The increase came during and after the state’s annual Sturgis Motorcycle Rally, which drew more than 550,000 people from all over the country to South Dakota — even more than last year’s, which forged ahead while most large events were canceled. This year’s happened during a broad spread of the Delta variant that drove a spike in all 50 states.
Uncertain, experts said, was the role the rally may have had in spreading the virus in South Dakota. And unanswered was a larger question: How safe are major gatherings held at least partly outdoors — events like Sturgis, Lollapalooza and college football games.
Cases in Meade County, which includes Sturgis, began to rise in mid-August, just as the motorcycle rally was winding down. By the end of August, more than 30 county residents were testing positive most days, up from about one a day before the rally. Case levels have since started to decline.
But the vast majority of people at the rally came from elsewhere and, if they became infected, would be counted in the data in their home states.
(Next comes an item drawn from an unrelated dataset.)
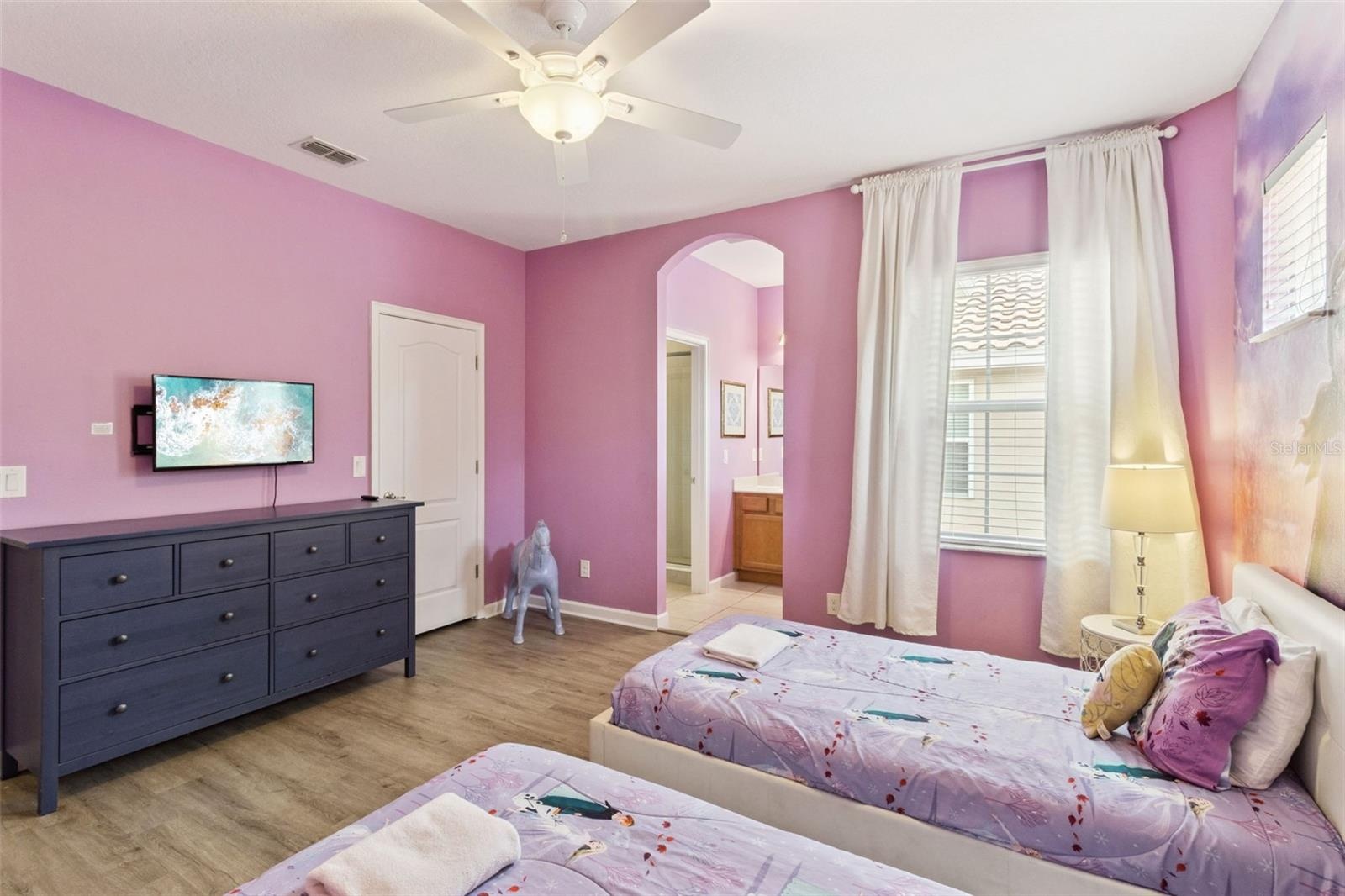 Bedroom upstairs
As the Delta variant spreads widely, and as Americans yearn to go back to normal, health experts have debated the public health risks of large outdoor events and music festivals.
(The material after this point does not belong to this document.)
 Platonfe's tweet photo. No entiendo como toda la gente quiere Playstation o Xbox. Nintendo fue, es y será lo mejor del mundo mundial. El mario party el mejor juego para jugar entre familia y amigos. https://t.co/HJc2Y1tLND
Outdoor events are far safer than those held in indoor, poorly ventilated spaces. But even gatherings where the main event is outside can include indoor opportunities for Covid to spread.
Dr. Ashish Jha, the dean of Brown University’s School of Public Health, said it may be too early to link the Delta variant surge that’s overwhelming hospitals and increasing case level to large outdoor events, including the rally in Sturgis.
“I haven’t seen any data so far that says outdoor gatherings themselves are pretty risky,” said Dr. Jha. “And what I’ve said about Sturgis is, I don’t think it was the rally itself, I think it was all the bars and restaurants and all the stuff and night and evenings and all the indoor stuff.”
Dr. Shankar Kurra, the vice president for medical affairs at Monument Health, which is headquartered in Rapid City, S.D., said last month that the number of coronavirus cases in the area was much higher than at this time than they were following last year’s rally.
“It’s hard not to say these cases didn’t come from the rally,” Dr. Kurra. “The cases had to come from somewhere and we know these cases did not come from here.”
Local officials in Sturgis have pushed back against the scrutiny of the event, saying the rally has received unequal criticism compared to other large gatherings across the country.
“As the data illustrates, South Dakota’s current infection rate is mirroring the entire upper Midwest region,” said Dan Ainslie, the Sturgis city manager. “There was some spread of Covid from the rally, though the national media fixation on it is without merit given the fact that our experience is so similar to our neighbors.”